WASHINGTON - The Obama administration has abandoned attempts to convince Israel to slow West Bank settlement activity, officials said yesterday, in what appears to be a major setback for a key White House foreign-policy initiative.
After months of trying to broker a formula under which Israel would impose a new freeze in return for U.S. incentives, two American officials said that the administration had concluded that its efforts were not the best way to relaunch negotiations. Talks stalled in September, barely a month after they started.
Both officials spoke on condition of anonymity.
The officials said that the administration was not abandoning efforts to broker a peace deal and noted that Israeli and Palestinian negotiators will visit Washington next week for consultations.
The U.S. will engage both sides on key issues in the coming days, one of the officials said. Arab states and other interested countries also will be consulted, the official said.
Israeli and Palestinian officials refused to comment.
Earlier yesterday, Israel's defense minister said that the U.S. has halted talks with Israel on settlement activity because Washington is distracted by the WikiLeaks release of secret documents.
State Department spokesman P.J. Crowley denied that the U.S. was holding up the talks. "The process has not stopped," he told reporters. "Our efforts are not suspended." He said that perhaps Israel was preoccupied with putting out a huge forest fire that burned until Sunday.
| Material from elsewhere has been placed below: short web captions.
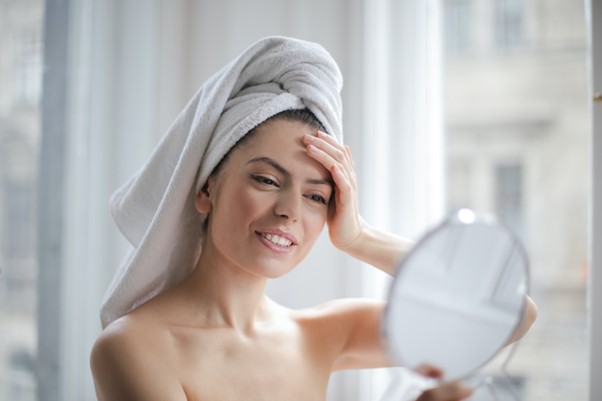 Lady with a towel on her head looking in a hand held mirror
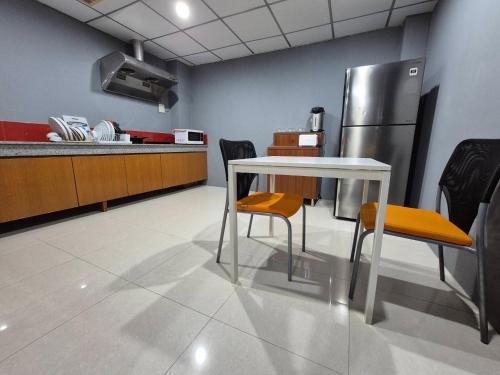 a kitchen with a table and chairs and a refrigerator at Chiangmai vibe, City House, 7 mins to BTS, City center, Private room in Sathon, Private bathroom, Bangkok, Thailand in Bangkok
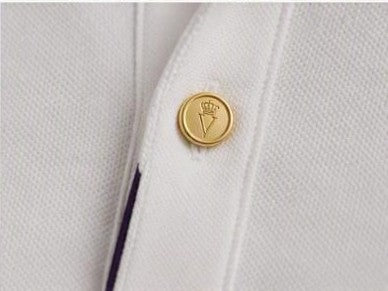 Polo SON ALTESSE – Impérial — bouton doré gravé du monogramme et passepoil violet. Maison VÉNÉRABLE.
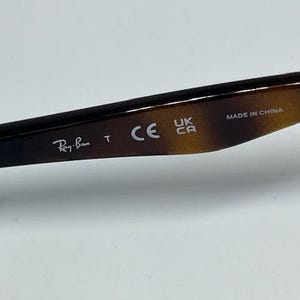 Pode incluir: Uma haste de &oacute;culos com padr&atilde;o de tartaruga castanho e preto, apresentando o texto impresso em branco Ray-Ban, a letra T, a marca CE, a marca UKCA e o texto MADE IN CHINA na superf&iacute;cie interior da haste.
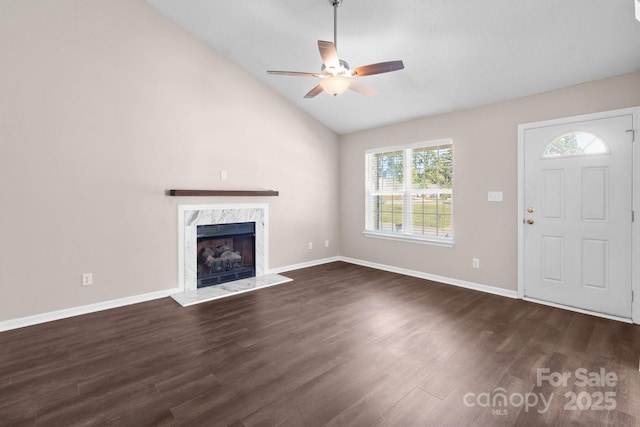 unfurnished living room with dark hardwood / wood-style flooring, a high end fireplace, a healthy amount of sunlight, and vaulted ceiling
The U.S. has pressed Israel to renew a moratorium on new settlement construction in exchange for security and diplomatic assurances. Israel wants those in writing, as well as a pledge that east Jerusalem will be exempted from the moratorium.
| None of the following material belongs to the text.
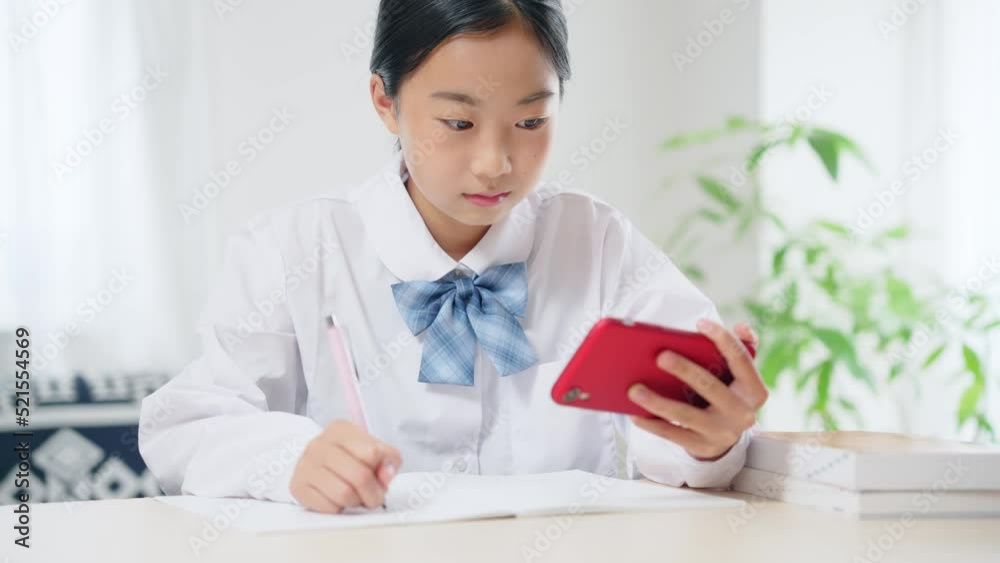 スマホを見ながら勉強する女子学生 オンライン授業 eラーニング スマホを見ながら勉強する女子学生 オンライン授業 eラーニング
Palestinians have said that they won't return to stalled peace talks unless Israel halts all building in the West Bank and east Jerusalem - lands that they want for part of their future state.
Peace talks began in September but ground to a halt three weeks later after Israel's original moratorium on new West Bank construction expired.
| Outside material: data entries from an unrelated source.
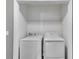 Convenient laundry closet with a white washer and dryer, featuring built-in shelving for storage at 4905 Martin Farms Dr, Powder Springs, GA 30127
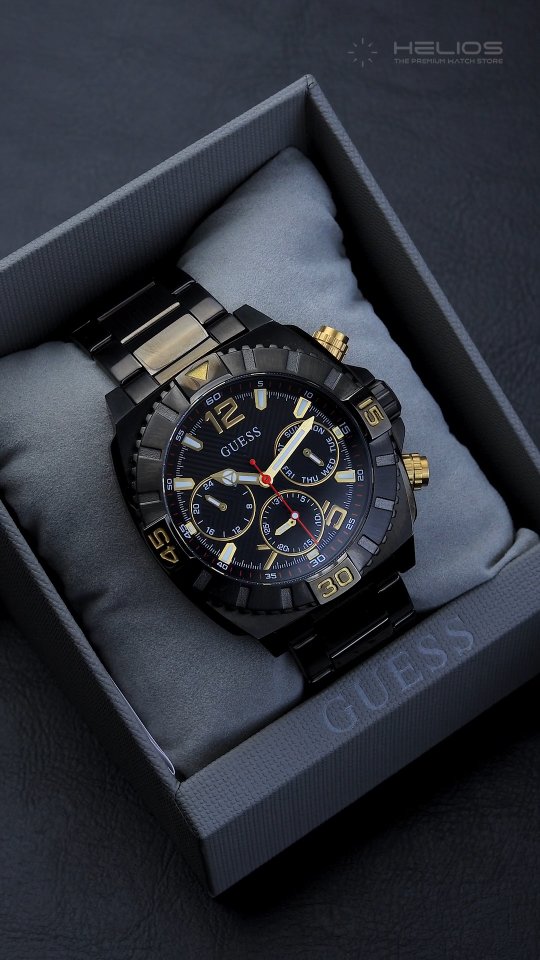 Instagram post by @helioswatches for GUESS Watches. Caption reads: A statement in gunmetal. 
This @guesswatches men’s....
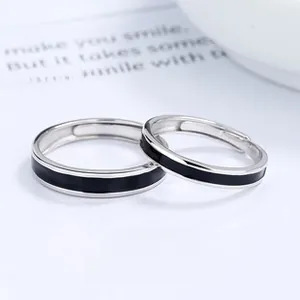 Detail of adjustable couple rings with silver finish and black enamel band inlay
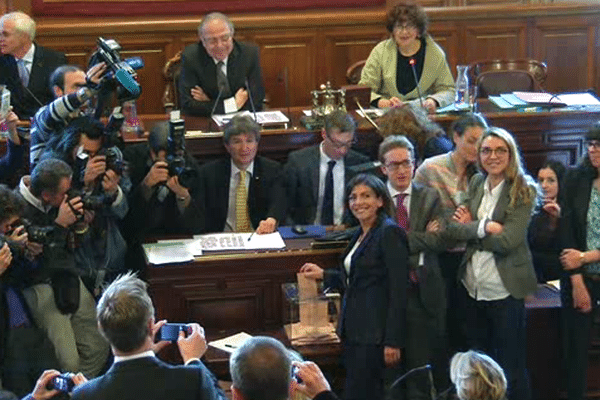 Anne Hidalgo glisse son bulletin dans l'urne du Conseil de Paris pour devenir la 1ère femme maire de la capitale.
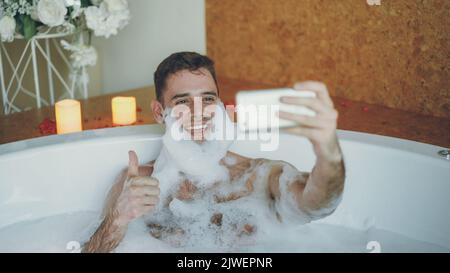 Gutaussehender, fröhlicher Kerl nimmt Selfie in der Badewanne mit Seifenschaum auf seinem Bart mit einem Smartphone auf. Er lacht und macht Gesten mit seiner Hand, die posiert und Spaß hat. Stockfoto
Prime Minister Benjamin Netanyahu returned from a November trip to the U.S. with a list of security and diplomatic guarantees, including 20 next-generation stealth fighter planes and U.S. pledges to veto anti-Israel resolutions at the United Nations, according to Israeli officials. In exchange, Israel was to renew limits on settlement construction that expired in late September.
Days later the deal snagged after members of Netanyahu's Cabinet demanded a written pledge from the U.S. that the moratorium would exclude east Jerusalem. Such a pledge has not materialized.